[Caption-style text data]
===

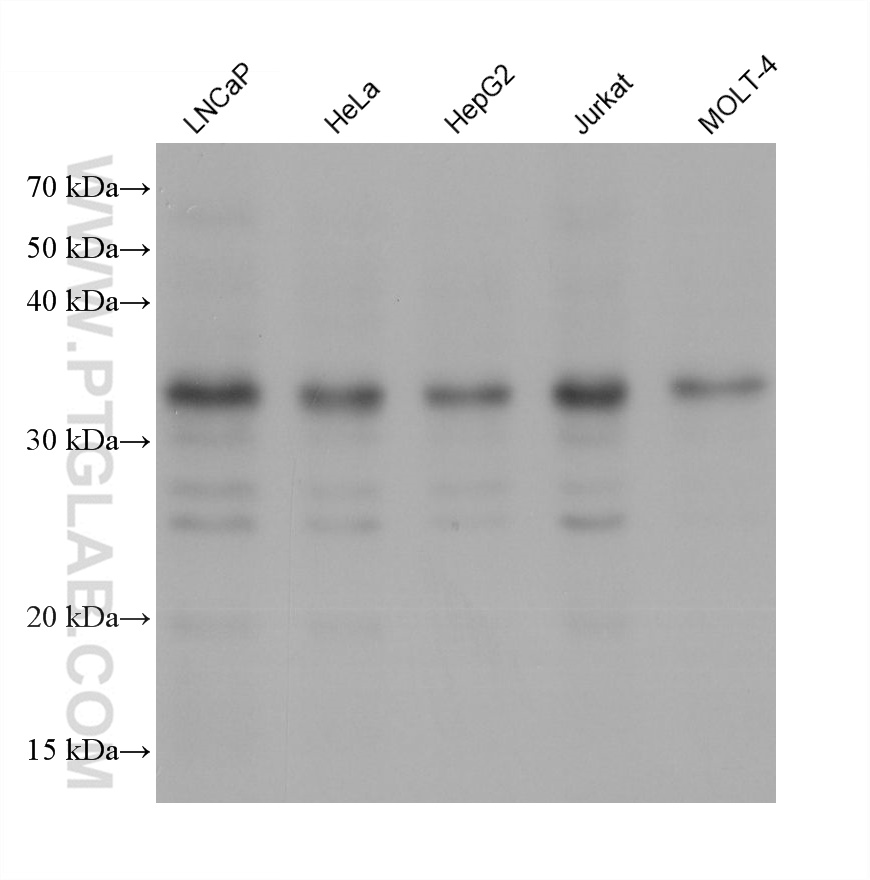 CHMP4B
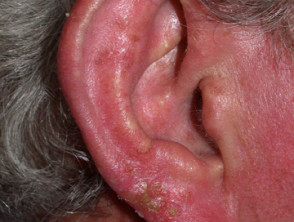 Dermatitis alérgica de contacto en el oído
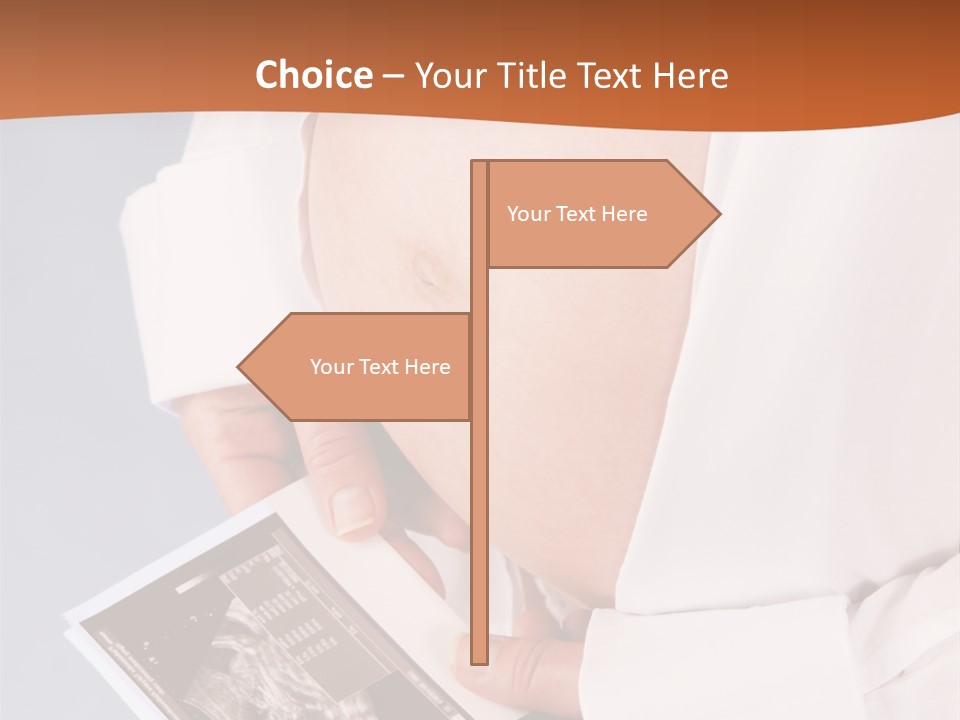 Beautiful Expectation Expect PowerPoint Template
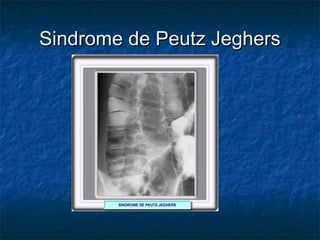Sindrome de Peutz Jeghers
 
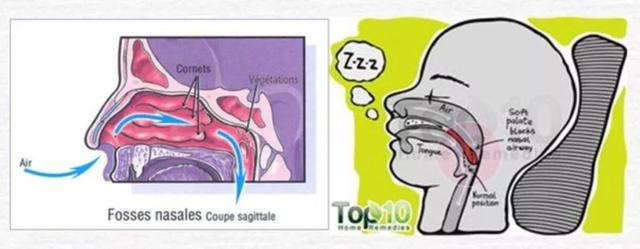 小孩扎四缝有没有危害，小儿扎四缝的副作用（腺样体肥大的危害不只是宝宝张嘴睡）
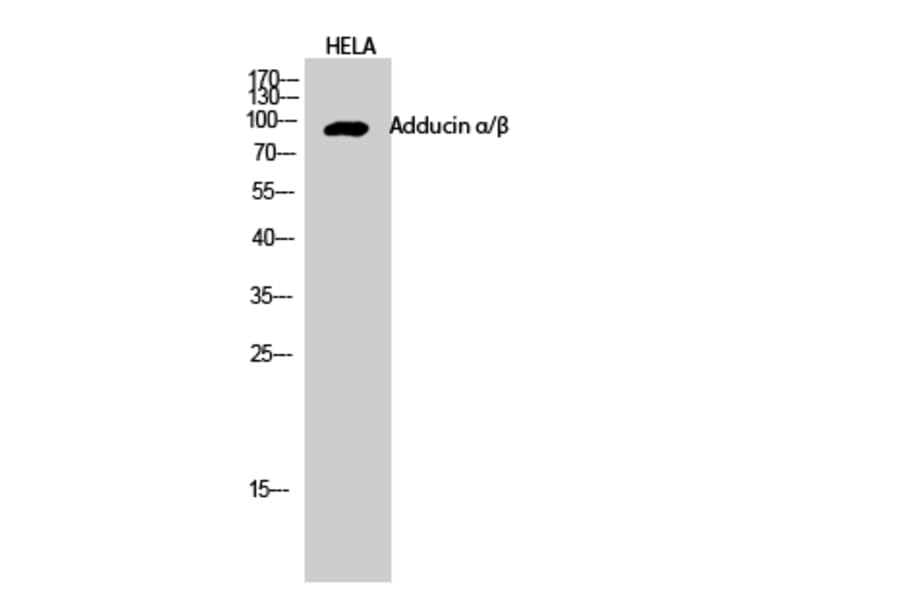 Western blot - Adducin α/β Polyclonal Antibody from Signalway Antibody (40554) - Antibodies.com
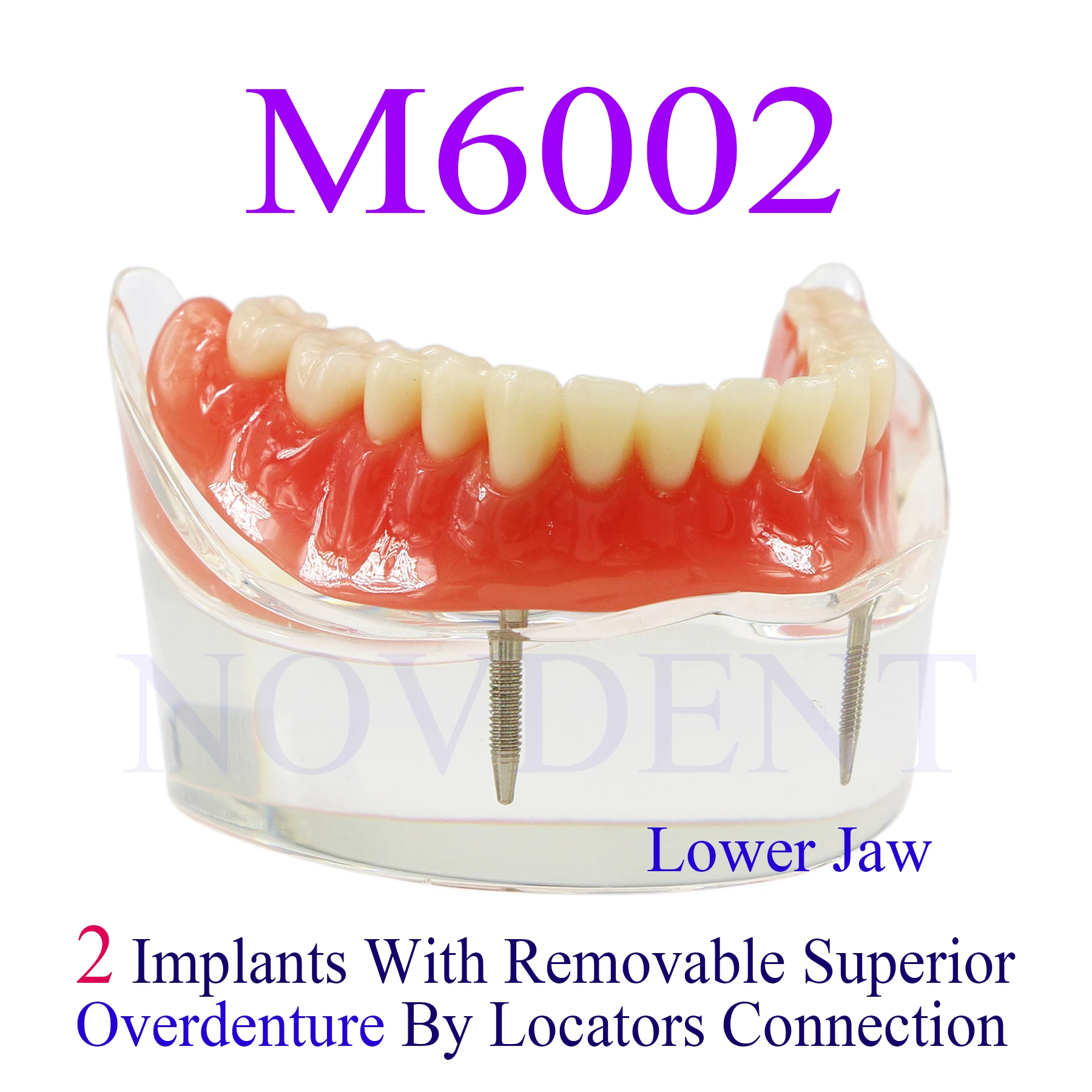 Dental dolna szczęka 2 implanty Model odbudowy Overdenture Model 2 implanty mosty edukacja badania nauczanie Student M6002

===

The task: The pictures in the data should be omitted, and every remaining line set down exactly.

Response:
 CHMP4B
 Dermatitis alérgica de contacto en el oído
 Beautiful Expectation Expect PowerPoint Template
Sindrome de Peutz Jeghers
 
 小孩扎四缝有没有危害，小儿扎四缝的副作用（腺样体肥大的危害不只是宝宝张嘴睡）
 Western blot - Adducin α/β Polyclonal Antibody from Signalway Antibody (40554) - Antibodies.com
 Dental dolna szczęka 2 implanty Model odbudowy Overdenture Model 2 implanty mosty edukacja badania nauczanie Student M6002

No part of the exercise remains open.